» **WHAT YOU SHOULD DO**
The data must be reproduced verbatim; images are to be omitted.

» **COLLECTED DATA**
——

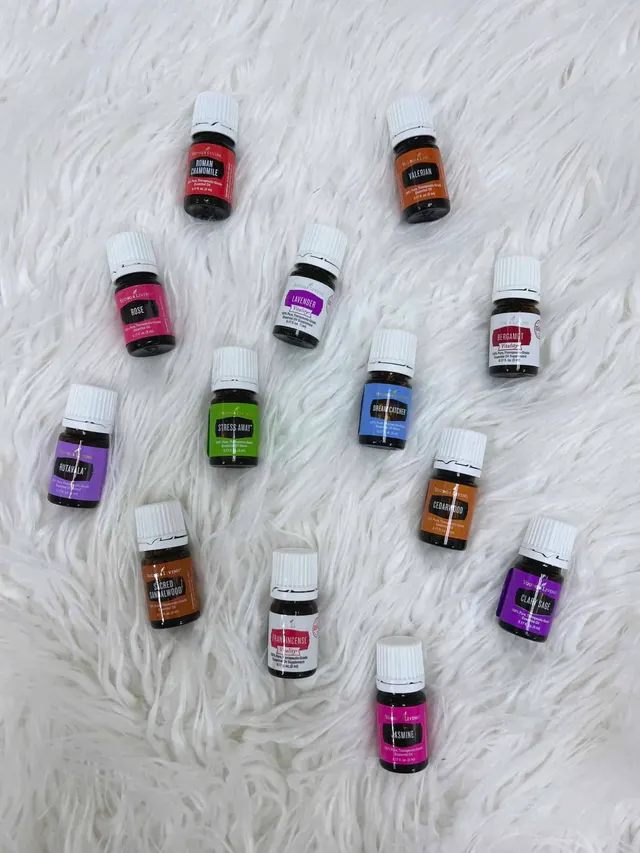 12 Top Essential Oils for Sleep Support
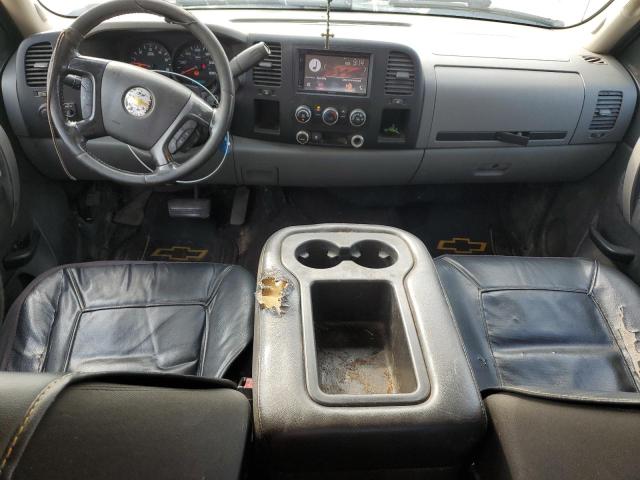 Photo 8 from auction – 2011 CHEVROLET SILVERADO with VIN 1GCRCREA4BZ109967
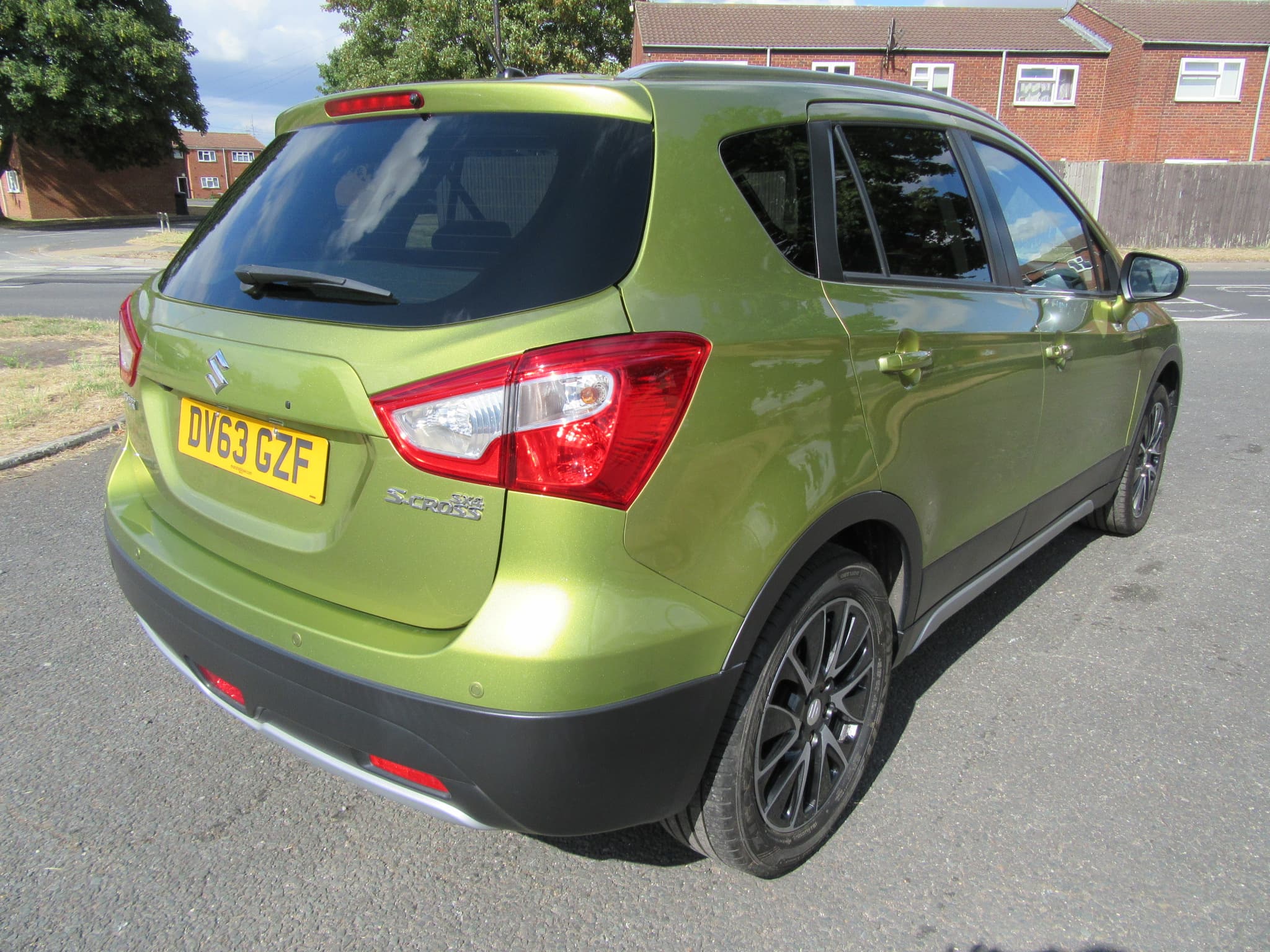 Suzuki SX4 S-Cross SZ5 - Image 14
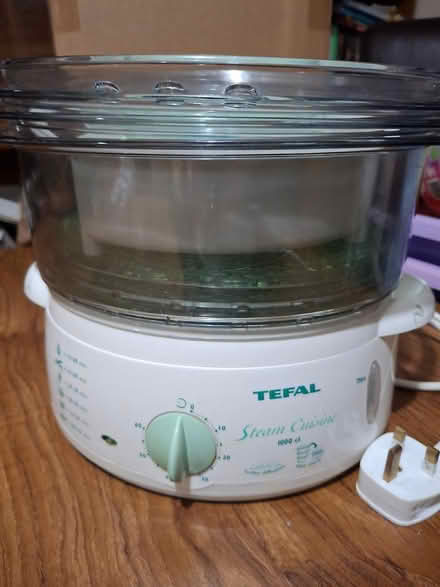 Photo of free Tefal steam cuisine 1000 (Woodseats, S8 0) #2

——

» **SOLUTION TO THIS EXERCISE**
 12 Top Essential Oils for Sleep Support
 Photo 8 from auction – 2011 CHEVROLET SILVERADO with VIN 1GCRCREA4BZ109967
 Suzuki SX4 S-Cross SZ5 - Image 14
 Photo of free Tefal steam cuisine 1000 (Woodseats, S8 0) #2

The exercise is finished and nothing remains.